A Tale of Two Teslas: Wall Street’s $400 AI Dream and the Gritty Reality of Europe’s Used EV Market

A Tale of Two Teslas: Wall Street’s $400 AI Dream and the Gritty Reality of Europe’s Used EV Market

Tesla is on an absolute tear right now, with shares blasting past the $400 mark on Robinhood’s overnight trading desk and closing in on the all-time high of $407.36 we haven’t seen since the frenzy of late 2021. Wall Street is fully buying into the narrative again, driven by a barrage of bullish analyst notes. Bank of America just bumped their price target from $350 to $400 after getting some seat time with Full Self-Driving v13.2 down at the Texas gigafactory. The momentum is so heavy that even longtime bears are throwing in the towel. Craig Irwin over at Roth MKM practically capitulated last week, jacking his target from a measly $85 all the way up to $380 and admitting that the upside bias is simply too strong to bet against right now.

The vibe on the trading floor is heavily skewed toward the future. Nobody is really sweating the current 106.72 price-to-earnings ratio. Instead, the market is pricing in the upcoming rollout of a cheaper mass-market EV and Elon Musk’s Optimus humanoid robot. Sure, there are still some holdouts—Guggenheim kept their “sell” rating even while nudging their target to $175—but the broader consensus is getting drowned out by sheer AI and autonomy optimism.
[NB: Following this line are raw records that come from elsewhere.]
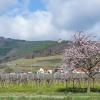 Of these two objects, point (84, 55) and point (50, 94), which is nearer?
point (50, 94)

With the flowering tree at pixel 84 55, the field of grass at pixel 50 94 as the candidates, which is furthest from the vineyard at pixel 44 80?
the flowering tree at pixel 84 55

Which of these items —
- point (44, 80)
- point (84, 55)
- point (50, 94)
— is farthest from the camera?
point (44, 80)

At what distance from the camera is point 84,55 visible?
181 ft

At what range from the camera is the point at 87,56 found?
179 feet

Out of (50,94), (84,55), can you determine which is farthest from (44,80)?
(50,94)

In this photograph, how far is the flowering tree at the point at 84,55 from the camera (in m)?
54.6

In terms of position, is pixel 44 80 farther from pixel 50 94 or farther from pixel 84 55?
pixel 50 94

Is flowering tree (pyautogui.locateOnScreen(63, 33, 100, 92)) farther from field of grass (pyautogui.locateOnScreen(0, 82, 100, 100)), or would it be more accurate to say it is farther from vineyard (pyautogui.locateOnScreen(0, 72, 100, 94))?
vineyard (pyautogui.locateOnScreen(0, 72, 100, 94))

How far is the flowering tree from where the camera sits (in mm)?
54625

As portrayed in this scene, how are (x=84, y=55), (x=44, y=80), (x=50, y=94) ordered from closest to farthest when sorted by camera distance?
(x=50, y=94) < (x=84, y=55) < (x=44, y=80)

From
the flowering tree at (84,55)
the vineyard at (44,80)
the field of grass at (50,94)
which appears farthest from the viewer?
the vineyard at (44,80)

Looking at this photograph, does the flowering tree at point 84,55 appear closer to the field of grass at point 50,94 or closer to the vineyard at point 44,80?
the field of grass at point 50,94

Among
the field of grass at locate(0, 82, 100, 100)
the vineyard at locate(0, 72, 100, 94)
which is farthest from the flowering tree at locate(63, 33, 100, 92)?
the vineyard at locate(0, 72, 100, 94)

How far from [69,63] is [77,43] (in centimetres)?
328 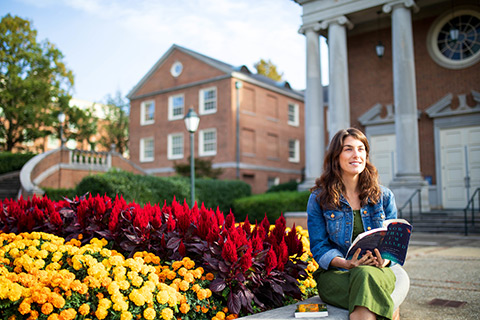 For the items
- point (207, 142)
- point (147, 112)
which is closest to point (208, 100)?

But if you step away from the Silicon Valley hype engine and look at the brass tacks of moving actual metal, the narrative gets a lot messier. Take Germany, the undisputed heavyweight champion of the European auto market. According to a new deep dive by the used-car search platform AutoUncle, Tesla is rapidly losing its stranglehold on the secondary EV market over there. Back in the first quarter of 2023, nearly one out of every three used EVs sold by a dealer was a Tesla. Fast forward to Q1 2026, and that market share has absolutely cratered to just 6.8%. We’re talking one out of every fifteen cars.

Volkswagen has completely flipped the script. German dealers are now moving more than twice as many used VWs as they are Teslas. It’s a full-on legacy takeover: Audi, Mercedes, and even Opel have all leapfrogged Tesla, knocking the brand down to fifth place. The Volkswagen Group is basically flooding the zone with variety, pushing the entire ID lineup alongside the Skoda Enyaq, Elroq, and Cupra Born. Tesla, on the other hand, is still leaning on the Model 3 and Model Y for roughly 90% of its used volume.

Here is the catch, though: the sheer number of used Teslas changing hands hasn’t dropped. The company is actually moving more used inventory than ever. AutoUncle clocked over 6,100 used Teslas sold through German dealers in Q1 2026, which is about 3.6 times higher than what they were doing at the start of 2021. The issue is that the broader used EV market went super-nova, expanding by a staggering factor of 7.3 over the exact same window. As AutoUncle CEO Jonas Bylov put it, Tesla didn’t stall out; the rest of the industry just blew right past them.

This massive shift in the European landscape didn’t happen in a vacuum. Tesla’s aggressive strategy of slashing new car prices since 2023 threw a massive wrench into residual values, right as a tidal wave of off-lease vehicles from legacy automakers finally started hitting the secondary market. Pure EVs now account for nearly 7.7% of all vehicle ownership transfers in Germany. So while Wall Street is busy pricing Tesla as an untouchable robotics and tech juggernaut, the actual data on the ground proves that the core automotive side of the business has finally morphed into a crowded, cutthroat brawl.